**** SUPPLIED MATERIAL ****

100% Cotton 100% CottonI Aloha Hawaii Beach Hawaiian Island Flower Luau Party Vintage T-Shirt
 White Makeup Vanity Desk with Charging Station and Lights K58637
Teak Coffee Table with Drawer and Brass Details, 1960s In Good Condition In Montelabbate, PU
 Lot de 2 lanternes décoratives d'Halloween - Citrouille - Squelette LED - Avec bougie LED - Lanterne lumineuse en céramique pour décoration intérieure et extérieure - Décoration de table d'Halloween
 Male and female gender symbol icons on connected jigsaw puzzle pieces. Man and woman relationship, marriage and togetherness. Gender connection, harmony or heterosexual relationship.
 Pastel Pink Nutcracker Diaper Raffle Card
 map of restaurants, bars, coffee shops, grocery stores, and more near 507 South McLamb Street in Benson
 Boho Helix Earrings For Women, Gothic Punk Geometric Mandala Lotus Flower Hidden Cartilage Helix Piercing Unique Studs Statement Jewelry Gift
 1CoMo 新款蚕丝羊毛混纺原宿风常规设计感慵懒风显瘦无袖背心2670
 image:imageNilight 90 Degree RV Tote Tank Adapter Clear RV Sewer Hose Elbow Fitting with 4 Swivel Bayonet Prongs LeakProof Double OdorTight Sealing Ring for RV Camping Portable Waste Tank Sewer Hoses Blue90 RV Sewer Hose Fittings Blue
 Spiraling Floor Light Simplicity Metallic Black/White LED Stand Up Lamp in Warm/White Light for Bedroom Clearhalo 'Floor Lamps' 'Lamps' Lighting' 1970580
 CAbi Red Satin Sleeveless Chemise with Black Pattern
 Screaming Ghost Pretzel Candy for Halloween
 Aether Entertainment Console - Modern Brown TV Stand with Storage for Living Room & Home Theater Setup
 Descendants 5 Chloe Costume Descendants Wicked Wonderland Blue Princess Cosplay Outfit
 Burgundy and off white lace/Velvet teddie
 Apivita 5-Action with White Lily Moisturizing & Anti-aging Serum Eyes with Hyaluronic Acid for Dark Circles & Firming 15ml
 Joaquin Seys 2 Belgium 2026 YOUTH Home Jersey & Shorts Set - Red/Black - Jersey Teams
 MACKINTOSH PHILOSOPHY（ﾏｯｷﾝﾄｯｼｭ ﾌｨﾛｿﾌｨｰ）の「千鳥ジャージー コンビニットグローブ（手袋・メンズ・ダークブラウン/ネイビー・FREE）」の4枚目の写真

****

Each line in the listing where the word "with" is found is to be copied.

EXERCISE ANSWER.
 White Makeup Vanity Desk with Charging Station and Lights K58637
Teak Coffee Table with Drawer and Brass Details, 1960s In Good Condition In Montelabbate, PU
 image:imageNilight 90 Degree RV Tote Tank Adapter Clear RV Sewer Hose Elbow Fitting with 4 Swivel Bayonet Prongs LeakProof Double OdorTight Sealing Ring for RV Camping Portable Waste Tank Sewer Hoses Blue90 RV Sewer Hose Fittings Blue
 CAbi Red Satin Sleeveless Chemise with Black Pattern
 Aether Entertainment Console - Modern Brown TV Stand with Storage for Living Room & Home Theater Setup
 Apivita 5-Action with White Lily Moisturizing & Anti-aging Serum Eyes with Hyaluronic Acid for Dark Circles & Firming 15ml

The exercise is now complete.